從房間里出來的時候,梁曉聽見從羅宇的房間內傳來噼里啪啦的鍵盤響聲,似乎是已經將陣地從樓下客廳轉移到了他的房間里。
走到樓下,梵妮正坐在那里默默地吃著梁曉買回來的蛋糕,身邊圍著那三只貓。
剛剛發生了一些什么梁曉不知道,但是從羅宇打道回府來看就算沒與沖突,那也是慫地徹徹底底,不是很明白在游戲中叱咤風云的羅宇居然對不怎么愛說話的梵妮這么的溫順。
不過梁曉從很早開始就有一個疑問了,而且這個疑問還正好是關于梵妮的。
因為梁曉一直以來發現梵妮好像很不擅長和別人交流,并不是在語言表達方面的問題,而是說她每一次和別人說話,例如和梁曉說話時,她的眼睛永遠沒有在梁曉的臉上停留過,要不然就是盯著梁曉的胳膊,要不然就是盯著梁曉的脖子,否則的話就是雖然臉朝著這邊,但是完全不知道她的眼睛在看什么地方。
那種感覺就像是在電視上看到的盲人一般,目光游離,沒有焦距。
看到南琪在一旁玩手機,梁曉走過去在她的對面坐下。
“嗨,梁曉,你又去睡覺了”抬起頭望了梁曉一眼,南琪嘻嘻地笑了一下。
梁曉摸了摸鼻子,有些尷尬,自從上一次對芬里爾的戰斗結束后,他因為體能原因確實增加了休息的時間,再加上蓮華的緣故,某些時間他不得不去萬華鏡領域,這樣一來表面看上去的睡眠時間變得更多了。
難受的是,真正的理由還不能說出來
“啊可能是冬天緣故,我的身體在催促我冬眠。
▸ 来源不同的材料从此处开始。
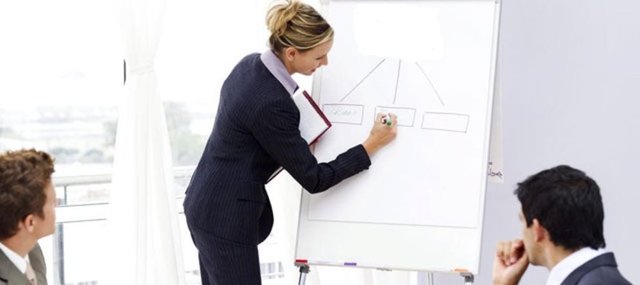 Güven olgusunu önemseyen, yanlış kararlar vermekten hoşlanmayan disiplinli çaba, görev ve sorumluluk bilinci yüksek olan. Dayanıklı, mesleki konularda yetenekli. Dikkatli konuşan yaşından olgun. Sözleri tutarlı, kabul edilmekten hoşlanan.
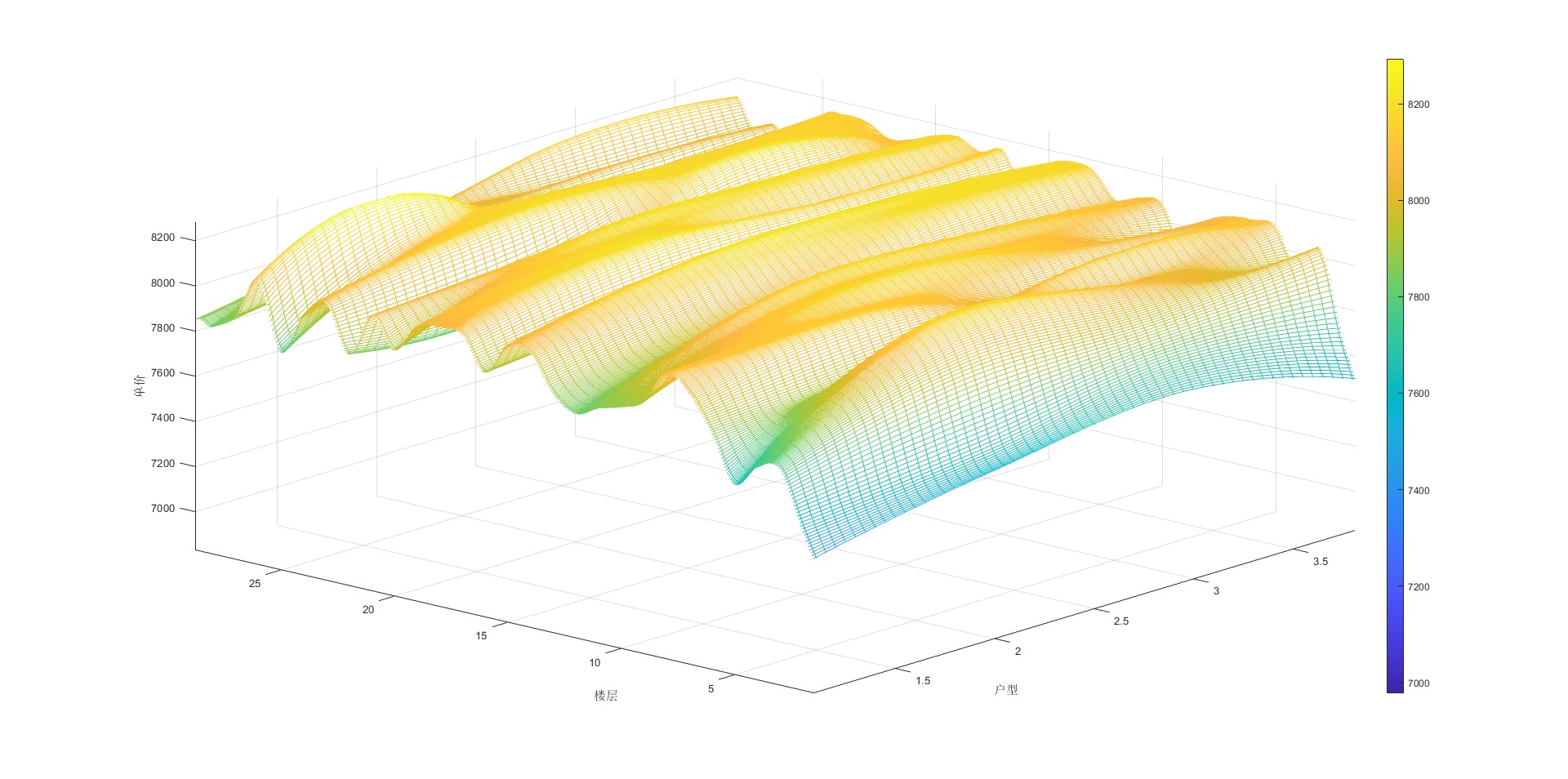 【MATLAB】自学记录之基于某楼栋房价数据绘制三维网格图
”梁曉半開玩笑著,隨后問道,“對了南琪,有件事情想問你一下。”
“問吧,知無不言。”南琪大大方方地說道。
“是關于梵妮的問題啦。”梁曉壓低聲音,朝著南琪湊了過去,將他心中的疑問提了出來。
“你說這個啊”南琪微微一挑柳眉,沉默片刻后笑著說道,“屋子里似乎有些太悶了,陪我出去散會兒步怎么樣”
梁曉愣了一下,隨后明白過來確實在梵妮的旁邊說她的事情有些不太好,雖然感到有些后悔,不過看起來南琪已經一邊哼著歌,一邊將外套穿上,做好了出門的準備。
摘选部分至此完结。